Collection entries:
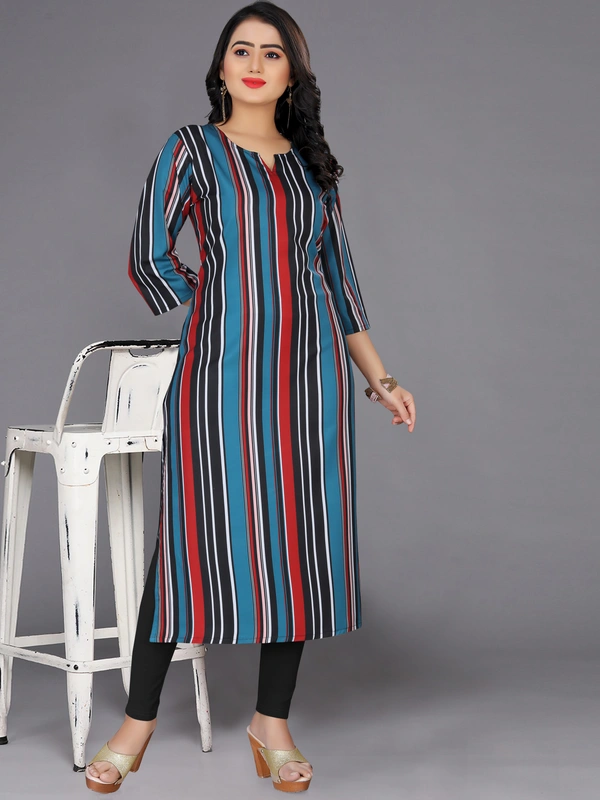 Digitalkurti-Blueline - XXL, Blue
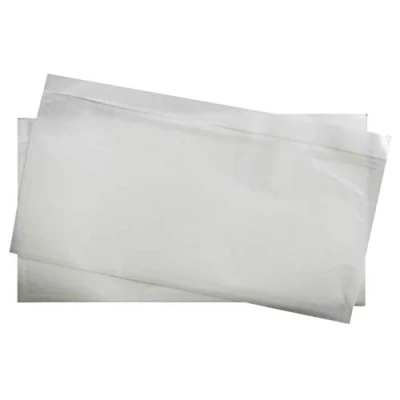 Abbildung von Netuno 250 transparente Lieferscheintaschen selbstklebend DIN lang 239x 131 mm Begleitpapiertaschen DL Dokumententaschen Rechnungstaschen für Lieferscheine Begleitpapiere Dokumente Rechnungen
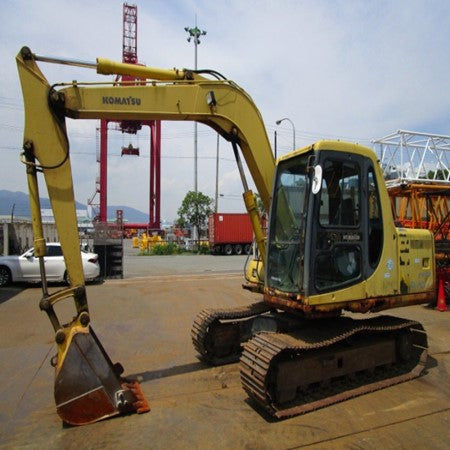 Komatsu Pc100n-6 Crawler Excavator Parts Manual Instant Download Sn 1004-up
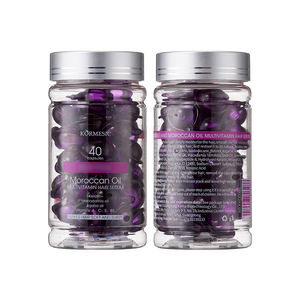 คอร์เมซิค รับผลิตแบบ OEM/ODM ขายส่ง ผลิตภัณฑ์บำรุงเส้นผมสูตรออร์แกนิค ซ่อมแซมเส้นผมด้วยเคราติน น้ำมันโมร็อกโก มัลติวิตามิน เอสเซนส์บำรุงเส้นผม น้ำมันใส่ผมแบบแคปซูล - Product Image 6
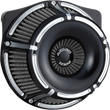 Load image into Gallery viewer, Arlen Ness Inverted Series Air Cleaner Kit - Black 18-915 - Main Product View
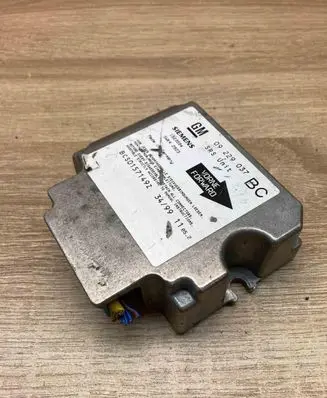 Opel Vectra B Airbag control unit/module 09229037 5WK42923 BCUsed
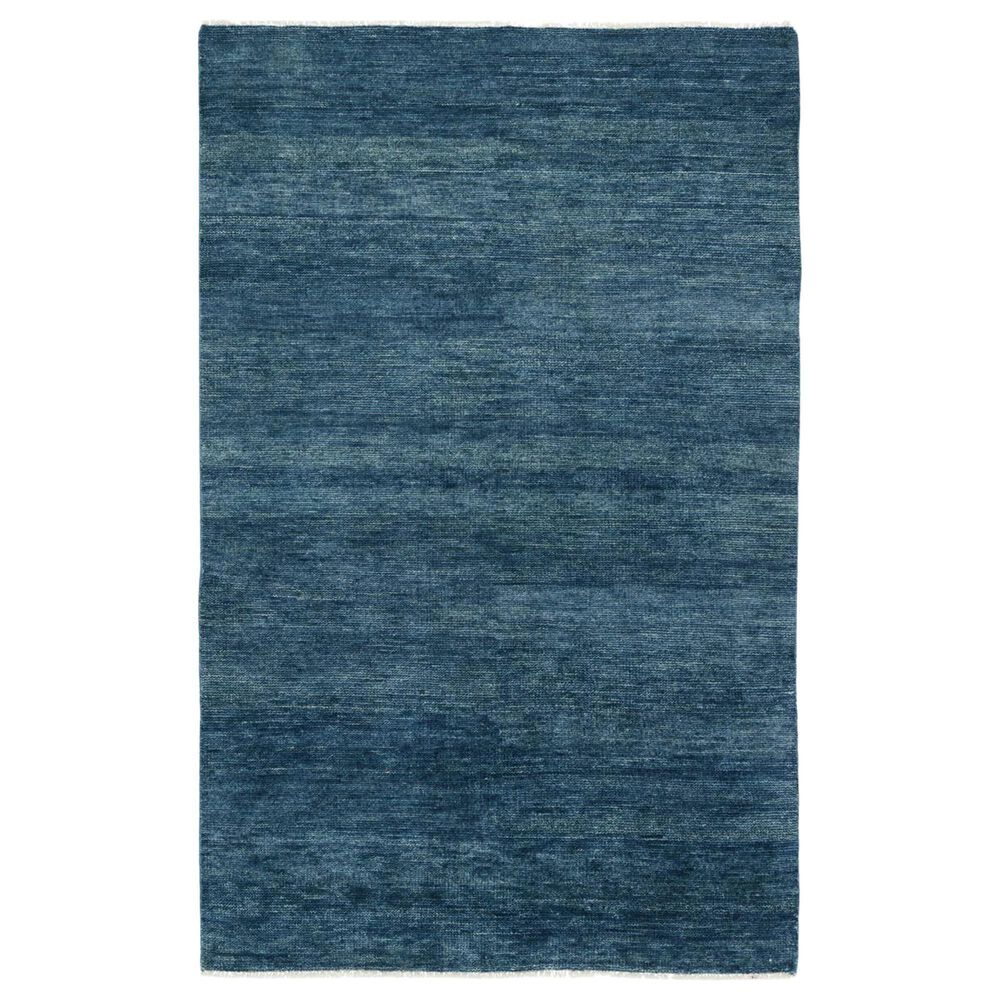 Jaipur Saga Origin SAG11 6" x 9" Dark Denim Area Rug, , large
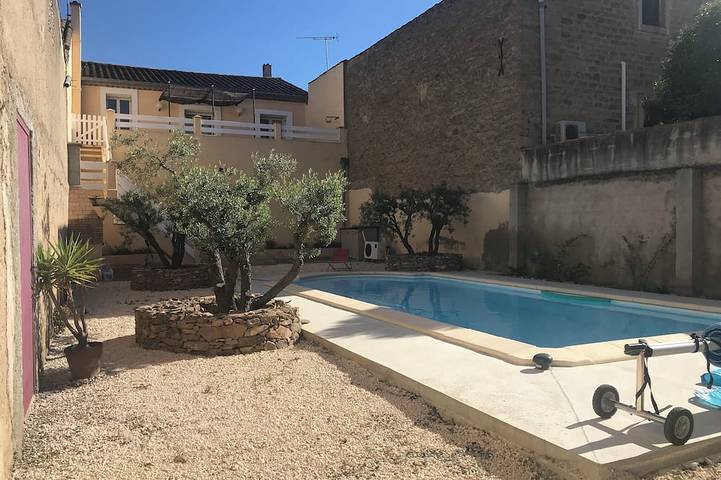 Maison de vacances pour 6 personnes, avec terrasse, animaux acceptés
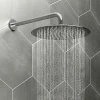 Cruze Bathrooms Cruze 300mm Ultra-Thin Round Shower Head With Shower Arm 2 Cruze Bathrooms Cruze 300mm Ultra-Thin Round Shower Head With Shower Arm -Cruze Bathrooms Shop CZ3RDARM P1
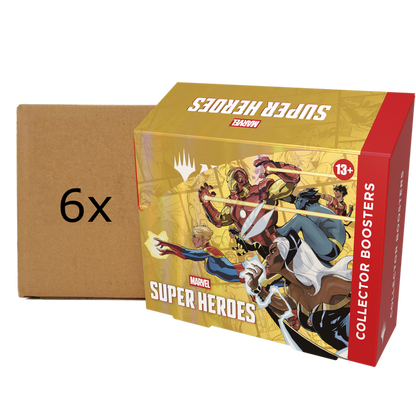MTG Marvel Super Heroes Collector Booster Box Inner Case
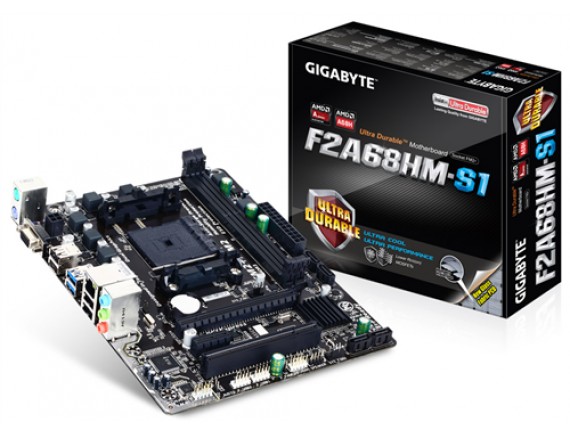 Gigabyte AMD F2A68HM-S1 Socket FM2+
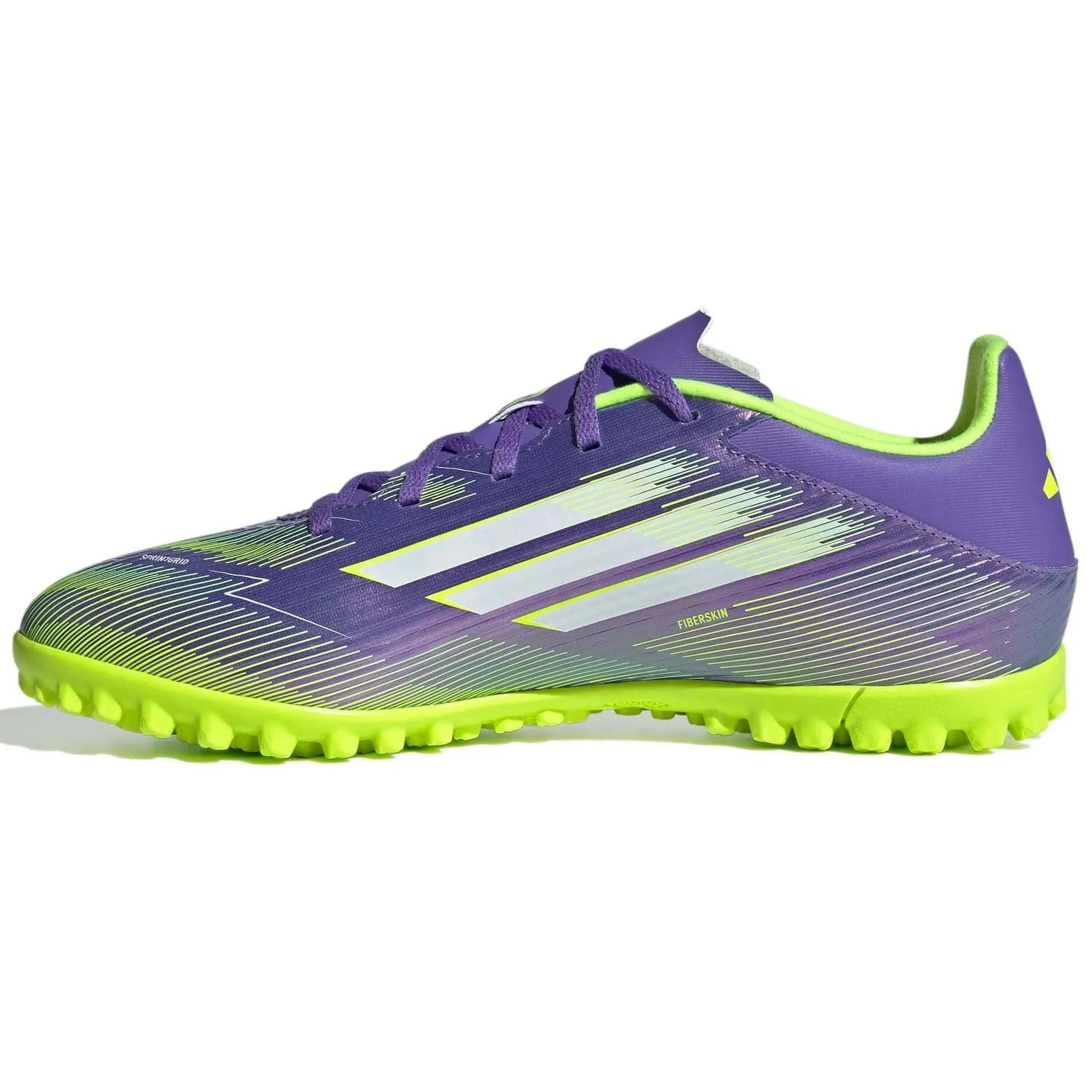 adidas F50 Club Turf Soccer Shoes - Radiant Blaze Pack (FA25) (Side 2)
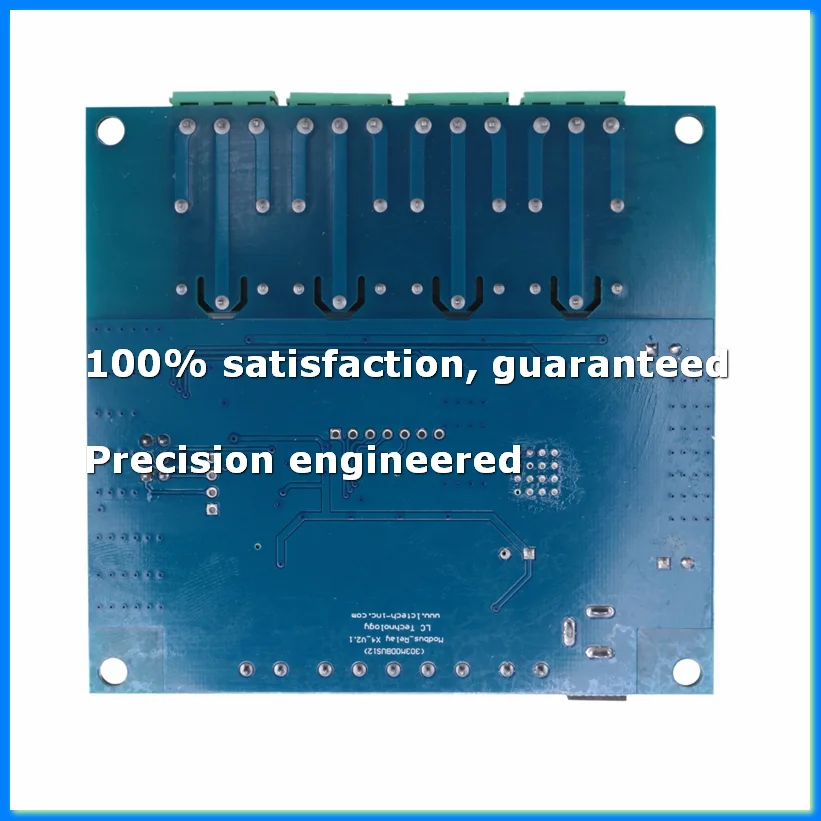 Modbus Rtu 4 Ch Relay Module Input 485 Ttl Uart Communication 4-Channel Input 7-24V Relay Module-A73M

ASSIGNMENT:
Starting at the line above that contains "Shop CZ3RDARM P1", transcribe every line exactly through the line that contains "adidas F50 Club", including that last one, and skip the pictures.

EXERCISE OUTPUT:
 Cruze Bathrooms Cruze 300mm Ultra-Thin Round Shower Head With Shower Arm 2 Cruze Bathrooms Cruze 300mm Ultra-Thin Round Shower Head With Shower Arm -Cruze Bathrooms Shop CZ3RDARM P1
MTG Marvel Super Heroes Collector Booster Box Inner Case
 Gigabyte AMD F2A68HM-S1 Socket FM2+
 adidas F50 Club Turf Soccer Shoes - Radiant Blaze Pack (FA25) (Side 2)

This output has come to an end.